An impressive set of medals awarded to the official historian of the Gallipoli campaign has sold at auction for £30,000.
Brigadier-General Cecil Faber Aspinall-Oglander, C.B., C.M.G., D.S.O. is remembered as one of Sir Ian Hamilton’s most trusted aides during the campaign, and his actions saw him mentioned in despatches over a dozen times.
The group included the following: The Most Honourable Order of the Bath, Companion’s neck badge (military), silver-gilt and enamelled; The Most Distinguished Order of St. Michael and St. George, Companion’s neck badge, silver-gilt and enamelled; Distinguished Service Order, G.V.R.; Ashanti Medal 1900, no clasp (Lieut. C.F. ASPINALL R. Muns. Fus.), engraved; Queen’s South Africa Medal 1899-1902, 2nd type, 4 clasps: Cape Colony, Orange Free State, South Africa 1901, South Africa 1902 (Lieut. C.F. ASPINALL, R. Muns: Fus:), engraved; India General Service Medal 1908-35, 1 clasp: North West Frontier 1908 (Lieut. C.F. Aspinall, 1st Rl. M. Fus.); 1914-15 Star (CAPT. C.F. ASPINALL. R. MUNS. FUS.); British War and Victory Medals (BRIG. GEN. C.F. ASPINALL.); Delhi Durbar Medal 1911, silver (CAPT. C.F. ASPINALL ROYAL MUNSTER FUSILIERS) privately engraved; France: Legion of Honour, Officer’s breast badge, gilt and enamelled; Siam: Order of the White Elephant, 1st type, Second Class set of insignia, comprising neck badge and breast star.
Born in Derbyshire in 1878, Cecil Faber Aspinall entered the army via commissions in the Volunteers and the Militia, and saw active service in West Africa in 1900 when wars in South Africa and China left the military short of able officers to deal with disturbances in other parts of the Empire. His actions in the suppression of the Ashanti uprising led to his first mention in despatches. He served subsequently in the Boer War, and travelled to India at its conclusion where he earned a place on the course at the Indian Staff College.

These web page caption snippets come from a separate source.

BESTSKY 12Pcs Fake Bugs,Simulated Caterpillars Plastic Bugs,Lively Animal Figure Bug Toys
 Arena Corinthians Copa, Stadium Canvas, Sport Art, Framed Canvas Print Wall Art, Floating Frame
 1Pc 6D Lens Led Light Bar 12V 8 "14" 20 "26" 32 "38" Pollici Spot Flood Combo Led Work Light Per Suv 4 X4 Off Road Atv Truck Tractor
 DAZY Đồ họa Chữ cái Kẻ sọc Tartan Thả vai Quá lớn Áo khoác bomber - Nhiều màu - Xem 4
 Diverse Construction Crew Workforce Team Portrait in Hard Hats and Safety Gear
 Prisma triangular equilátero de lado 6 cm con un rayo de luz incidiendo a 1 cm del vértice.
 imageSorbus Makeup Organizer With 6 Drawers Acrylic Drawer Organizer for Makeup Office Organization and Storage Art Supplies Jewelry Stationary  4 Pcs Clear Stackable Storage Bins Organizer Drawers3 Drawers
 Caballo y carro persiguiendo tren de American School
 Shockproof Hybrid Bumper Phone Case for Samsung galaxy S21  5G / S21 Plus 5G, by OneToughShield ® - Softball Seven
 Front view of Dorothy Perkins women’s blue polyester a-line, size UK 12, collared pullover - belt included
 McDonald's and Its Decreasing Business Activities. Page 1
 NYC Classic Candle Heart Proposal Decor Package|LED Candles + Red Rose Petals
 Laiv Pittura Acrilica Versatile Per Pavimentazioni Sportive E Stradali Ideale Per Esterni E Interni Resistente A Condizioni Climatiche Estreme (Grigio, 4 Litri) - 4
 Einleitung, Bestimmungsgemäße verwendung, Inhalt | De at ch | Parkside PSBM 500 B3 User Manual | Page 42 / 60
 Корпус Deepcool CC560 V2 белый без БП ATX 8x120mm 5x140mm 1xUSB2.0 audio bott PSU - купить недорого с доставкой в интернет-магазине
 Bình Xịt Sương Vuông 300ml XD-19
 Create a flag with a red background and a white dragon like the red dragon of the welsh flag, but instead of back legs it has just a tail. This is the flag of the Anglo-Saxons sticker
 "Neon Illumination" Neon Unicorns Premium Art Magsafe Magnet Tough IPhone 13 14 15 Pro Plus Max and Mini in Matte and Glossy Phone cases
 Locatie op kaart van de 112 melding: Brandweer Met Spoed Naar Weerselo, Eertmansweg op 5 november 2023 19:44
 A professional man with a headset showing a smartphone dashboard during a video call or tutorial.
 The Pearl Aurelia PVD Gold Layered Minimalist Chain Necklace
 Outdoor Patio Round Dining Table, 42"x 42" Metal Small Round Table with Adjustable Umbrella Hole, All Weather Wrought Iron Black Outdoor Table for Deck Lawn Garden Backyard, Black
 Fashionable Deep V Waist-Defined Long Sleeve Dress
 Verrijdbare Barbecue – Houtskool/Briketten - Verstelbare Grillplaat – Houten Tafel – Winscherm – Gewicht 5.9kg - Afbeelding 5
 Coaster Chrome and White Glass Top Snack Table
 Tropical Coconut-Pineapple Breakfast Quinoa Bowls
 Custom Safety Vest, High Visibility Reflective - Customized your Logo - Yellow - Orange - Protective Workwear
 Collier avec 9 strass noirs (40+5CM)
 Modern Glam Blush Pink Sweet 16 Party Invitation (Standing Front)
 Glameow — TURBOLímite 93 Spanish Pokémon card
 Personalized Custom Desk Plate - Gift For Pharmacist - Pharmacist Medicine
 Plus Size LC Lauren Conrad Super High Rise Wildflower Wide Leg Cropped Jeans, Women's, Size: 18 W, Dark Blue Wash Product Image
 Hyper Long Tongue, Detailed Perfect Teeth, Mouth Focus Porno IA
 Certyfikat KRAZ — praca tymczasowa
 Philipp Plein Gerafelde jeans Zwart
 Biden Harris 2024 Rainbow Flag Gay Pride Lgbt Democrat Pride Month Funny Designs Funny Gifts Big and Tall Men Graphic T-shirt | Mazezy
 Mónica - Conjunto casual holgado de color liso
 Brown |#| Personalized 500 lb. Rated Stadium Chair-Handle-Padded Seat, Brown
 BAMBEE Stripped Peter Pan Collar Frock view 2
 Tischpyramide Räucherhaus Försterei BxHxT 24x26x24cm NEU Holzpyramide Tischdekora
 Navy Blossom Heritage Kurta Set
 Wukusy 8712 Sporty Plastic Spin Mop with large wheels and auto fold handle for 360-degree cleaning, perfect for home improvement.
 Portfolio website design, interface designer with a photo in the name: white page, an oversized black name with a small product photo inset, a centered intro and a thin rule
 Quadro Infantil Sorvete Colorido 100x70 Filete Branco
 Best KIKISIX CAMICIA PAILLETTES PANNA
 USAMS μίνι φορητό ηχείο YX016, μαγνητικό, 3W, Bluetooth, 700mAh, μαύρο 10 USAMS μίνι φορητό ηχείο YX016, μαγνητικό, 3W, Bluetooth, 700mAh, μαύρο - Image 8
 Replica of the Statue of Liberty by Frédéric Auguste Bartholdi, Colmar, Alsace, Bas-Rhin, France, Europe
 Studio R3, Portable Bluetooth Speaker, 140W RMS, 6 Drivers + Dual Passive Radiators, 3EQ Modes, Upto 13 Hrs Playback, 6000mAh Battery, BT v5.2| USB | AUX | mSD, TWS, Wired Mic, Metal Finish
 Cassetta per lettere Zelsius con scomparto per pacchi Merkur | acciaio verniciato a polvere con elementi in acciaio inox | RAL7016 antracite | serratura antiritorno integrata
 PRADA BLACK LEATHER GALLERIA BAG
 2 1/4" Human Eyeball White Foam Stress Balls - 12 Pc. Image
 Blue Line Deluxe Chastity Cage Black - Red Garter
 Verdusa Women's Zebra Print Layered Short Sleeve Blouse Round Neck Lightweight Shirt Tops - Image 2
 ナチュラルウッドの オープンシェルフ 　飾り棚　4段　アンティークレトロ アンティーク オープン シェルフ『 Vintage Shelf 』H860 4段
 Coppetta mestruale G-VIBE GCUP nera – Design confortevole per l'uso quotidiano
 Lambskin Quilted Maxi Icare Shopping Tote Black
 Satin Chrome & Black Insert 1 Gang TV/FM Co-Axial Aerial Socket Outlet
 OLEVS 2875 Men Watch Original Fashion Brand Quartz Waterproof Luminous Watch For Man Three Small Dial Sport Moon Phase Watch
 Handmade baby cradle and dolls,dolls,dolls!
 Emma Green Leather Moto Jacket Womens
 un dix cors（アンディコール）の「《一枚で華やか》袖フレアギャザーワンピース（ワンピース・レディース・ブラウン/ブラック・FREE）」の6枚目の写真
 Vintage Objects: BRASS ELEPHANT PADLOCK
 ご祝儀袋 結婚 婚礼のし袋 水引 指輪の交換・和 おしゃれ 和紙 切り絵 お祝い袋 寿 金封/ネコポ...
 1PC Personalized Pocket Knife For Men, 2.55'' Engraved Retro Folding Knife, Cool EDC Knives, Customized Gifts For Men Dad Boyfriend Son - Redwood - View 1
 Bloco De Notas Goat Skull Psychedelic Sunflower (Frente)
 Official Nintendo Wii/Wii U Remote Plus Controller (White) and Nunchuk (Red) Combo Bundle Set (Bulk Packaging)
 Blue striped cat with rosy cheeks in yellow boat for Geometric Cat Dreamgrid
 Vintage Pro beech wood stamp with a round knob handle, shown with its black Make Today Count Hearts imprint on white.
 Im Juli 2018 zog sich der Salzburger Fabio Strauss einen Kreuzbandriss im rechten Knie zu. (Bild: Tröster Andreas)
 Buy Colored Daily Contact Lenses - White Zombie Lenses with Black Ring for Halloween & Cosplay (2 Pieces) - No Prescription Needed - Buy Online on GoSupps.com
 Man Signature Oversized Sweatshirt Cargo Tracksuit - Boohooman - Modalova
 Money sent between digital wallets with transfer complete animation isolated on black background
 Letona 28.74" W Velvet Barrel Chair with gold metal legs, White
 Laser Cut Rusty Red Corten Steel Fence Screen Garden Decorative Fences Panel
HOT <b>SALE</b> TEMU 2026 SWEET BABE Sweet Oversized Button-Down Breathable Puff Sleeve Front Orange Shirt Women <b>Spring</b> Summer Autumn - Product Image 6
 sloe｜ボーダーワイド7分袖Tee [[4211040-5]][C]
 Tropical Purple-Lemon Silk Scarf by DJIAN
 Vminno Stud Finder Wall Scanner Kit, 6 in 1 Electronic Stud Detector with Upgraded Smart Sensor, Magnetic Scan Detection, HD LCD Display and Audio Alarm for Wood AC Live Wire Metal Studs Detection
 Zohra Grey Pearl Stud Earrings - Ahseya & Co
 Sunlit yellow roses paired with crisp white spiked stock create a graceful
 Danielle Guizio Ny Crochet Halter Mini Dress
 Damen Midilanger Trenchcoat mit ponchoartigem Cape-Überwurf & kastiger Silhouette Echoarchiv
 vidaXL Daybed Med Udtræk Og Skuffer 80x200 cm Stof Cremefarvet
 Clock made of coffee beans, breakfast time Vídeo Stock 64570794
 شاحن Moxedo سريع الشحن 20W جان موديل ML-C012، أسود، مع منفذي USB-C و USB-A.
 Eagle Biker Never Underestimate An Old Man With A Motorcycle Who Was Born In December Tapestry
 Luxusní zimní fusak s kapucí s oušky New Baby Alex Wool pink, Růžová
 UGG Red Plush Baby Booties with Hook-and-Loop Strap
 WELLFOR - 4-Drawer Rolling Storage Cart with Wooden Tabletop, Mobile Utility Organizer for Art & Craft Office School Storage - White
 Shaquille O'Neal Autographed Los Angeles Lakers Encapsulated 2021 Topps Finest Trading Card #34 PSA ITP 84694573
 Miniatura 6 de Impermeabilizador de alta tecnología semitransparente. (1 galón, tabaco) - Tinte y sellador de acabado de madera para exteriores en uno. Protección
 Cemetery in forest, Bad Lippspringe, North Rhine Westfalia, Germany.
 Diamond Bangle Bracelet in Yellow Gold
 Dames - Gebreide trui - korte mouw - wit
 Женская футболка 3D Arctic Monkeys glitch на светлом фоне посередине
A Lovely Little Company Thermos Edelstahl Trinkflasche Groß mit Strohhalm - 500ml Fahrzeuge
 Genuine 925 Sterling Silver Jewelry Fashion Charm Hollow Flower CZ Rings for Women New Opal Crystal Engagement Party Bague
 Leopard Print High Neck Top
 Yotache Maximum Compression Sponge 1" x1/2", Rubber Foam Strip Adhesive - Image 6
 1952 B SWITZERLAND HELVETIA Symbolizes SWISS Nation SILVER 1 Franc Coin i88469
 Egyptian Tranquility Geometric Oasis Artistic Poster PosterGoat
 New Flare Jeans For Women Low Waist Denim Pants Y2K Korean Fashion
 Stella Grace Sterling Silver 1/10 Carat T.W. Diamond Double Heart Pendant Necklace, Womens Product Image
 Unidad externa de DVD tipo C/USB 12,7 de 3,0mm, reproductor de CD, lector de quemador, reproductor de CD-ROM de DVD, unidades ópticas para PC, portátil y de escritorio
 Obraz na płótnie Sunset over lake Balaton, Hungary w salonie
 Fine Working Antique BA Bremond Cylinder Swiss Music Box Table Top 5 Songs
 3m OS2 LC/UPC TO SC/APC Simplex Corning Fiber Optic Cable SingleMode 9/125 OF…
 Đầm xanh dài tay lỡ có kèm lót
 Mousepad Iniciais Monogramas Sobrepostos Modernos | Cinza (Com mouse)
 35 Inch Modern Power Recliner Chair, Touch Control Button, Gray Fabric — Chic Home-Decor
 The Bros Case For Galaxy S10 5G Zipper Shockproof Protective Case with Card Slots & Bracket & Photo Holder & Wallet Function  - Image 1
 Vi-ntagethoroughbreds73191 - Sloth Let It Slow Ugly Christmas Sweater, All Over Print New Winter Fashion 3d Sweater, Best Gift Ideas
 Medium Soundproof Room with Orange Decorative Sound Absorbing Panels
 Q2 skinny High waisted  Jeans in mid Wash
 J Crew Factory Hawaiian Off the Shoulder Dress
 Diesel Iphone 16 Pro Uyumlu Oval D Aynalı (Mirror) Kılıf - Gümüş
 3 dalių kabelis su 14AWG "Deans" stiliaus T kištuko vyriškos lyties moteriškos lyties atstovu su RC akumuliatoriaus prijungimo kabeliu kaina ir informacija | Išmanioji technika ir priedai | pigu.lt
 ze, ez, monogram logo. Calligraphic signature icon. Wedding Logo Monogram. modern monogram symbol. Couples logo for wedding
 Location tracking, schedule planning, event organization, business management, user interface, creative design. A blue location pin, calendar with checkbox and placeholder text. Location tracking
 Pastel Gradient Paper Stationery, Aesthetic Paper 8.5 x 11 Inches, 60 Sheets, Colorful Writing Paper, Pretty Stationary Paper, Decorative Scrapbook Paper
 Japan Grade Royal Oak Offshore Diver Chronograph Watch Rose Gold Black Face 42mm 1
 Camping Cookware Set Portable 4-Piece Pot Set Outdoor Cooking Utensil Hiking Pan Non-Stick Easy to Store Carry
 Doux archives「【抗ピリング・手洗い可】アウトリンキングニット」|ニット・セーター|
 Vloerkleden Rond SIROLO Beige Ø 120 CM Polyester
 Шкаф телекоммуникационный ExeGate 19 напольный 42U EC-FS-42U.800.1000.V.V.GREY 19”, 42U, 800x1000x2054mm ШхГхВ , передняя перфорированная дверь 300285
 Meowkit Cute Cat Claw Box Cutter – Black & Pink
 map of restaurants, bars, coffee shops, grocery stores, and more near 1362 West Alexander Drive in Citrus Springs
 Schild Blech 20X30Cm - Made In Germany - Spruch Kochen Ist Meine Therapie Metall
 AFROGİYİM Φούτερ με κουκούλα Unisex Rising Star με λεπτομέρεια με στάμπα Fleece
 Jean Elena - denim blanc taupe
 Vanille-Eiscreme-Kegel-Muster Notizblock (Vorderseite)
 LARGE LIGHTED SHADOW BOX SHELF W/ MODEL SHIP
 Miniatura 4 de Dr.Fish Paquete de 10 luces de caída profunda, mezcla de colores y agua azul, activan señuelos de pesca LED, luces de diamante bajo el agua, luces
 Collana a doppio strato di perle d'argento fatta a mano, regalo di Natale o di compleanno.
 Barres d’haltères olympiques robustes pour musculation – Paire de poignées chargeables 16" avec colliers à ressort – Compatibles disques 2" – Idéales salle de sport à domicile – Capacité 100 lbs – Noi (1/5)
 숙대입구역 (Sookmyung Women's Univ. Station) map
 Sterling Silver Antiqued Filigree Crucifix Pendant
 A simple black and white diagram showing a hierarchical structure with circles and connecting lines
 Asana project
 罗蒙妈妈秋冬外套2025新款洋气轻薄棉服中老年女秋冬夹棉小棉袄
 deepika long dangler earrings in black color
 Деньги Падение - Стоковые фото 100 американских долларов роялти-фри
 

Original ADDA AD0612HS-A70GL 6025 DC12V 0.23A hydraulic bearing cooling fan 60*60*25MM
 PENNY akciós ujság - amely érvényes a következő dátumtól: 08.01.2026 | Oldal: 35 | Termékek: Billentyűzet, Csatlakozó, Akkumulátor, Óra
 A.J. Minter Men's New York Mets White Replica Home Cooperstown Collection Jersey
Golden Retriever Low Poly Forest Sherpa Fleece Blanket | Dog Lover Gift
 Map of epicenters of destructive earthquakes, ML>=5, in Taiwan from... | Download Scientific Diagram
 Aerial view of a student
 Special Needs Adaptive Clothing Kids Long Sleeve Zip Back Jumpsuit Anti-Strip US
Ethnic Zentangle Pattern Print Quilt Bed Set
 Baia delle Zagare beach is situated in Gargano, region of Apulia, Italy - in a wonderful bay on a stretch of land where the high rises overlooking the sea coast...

Returning to England in 1913, he was posted to the War Office. Having been chosen as Second in Command of the newly formed Welsh Guards, in March 1915 he was abruptly reassigned to the staff of Sir Ian Hamilton’s Mediterranean Expeditionary Force, tasked with the securing passage of the Dardanelles following the realisation that this could only be accomplished using land forces. Hamilton’s diaries of this time show from the outset that Aspinall was not only trusted by his superior officer, but also by the men who served under him, who Hamilton records as following him faithfully, often despite severe injury. His time during this campaign drew significant attention to his leadership capabilities, and in 1916 he was appointed Chief Staff Officer of the 63rd (Royal Naval) Division, involved in the final phase of the Somme operations.
In November 1917, Aspinall moved up to be Brigadier-General General Staff of VIII Corps and would remain in this role for the remainder of the war.
He retired from the army in 1920, marrying Joan Oglander in 1927 and settling on the Isle of Wight, at his wife’s family estate of Nunwell. During the Second World War he raised and commanded the 20th (East Wight) Battalion, Hampshire Home Guard. He died at Nunwell in 1959.
Brigadier General Aspinall-Oglander’s orders, decorations and medals, awarded over a 15 year period, are not only a rare combination (unique, in fact, to his regiment) that includes many prestigious awards; but are further distinguished by having been worn by a truly remarkable soldier and officer. Interest online and in the saleroom was soon left standing by a persistent and ultimately successful telephone bidder from the UK.
The sale also included a South Atlantic Medal awarded to Lance Corporal Jeremy “Rocky” Rowe for his services during the Falklands campaign (lot 514), which sold for £2,375, and the Battle of Omdurman Group of six medals to Arthur Westwood (lot 515), which sold for £10,625.
* Prices quoted include buyer's premium at 25%.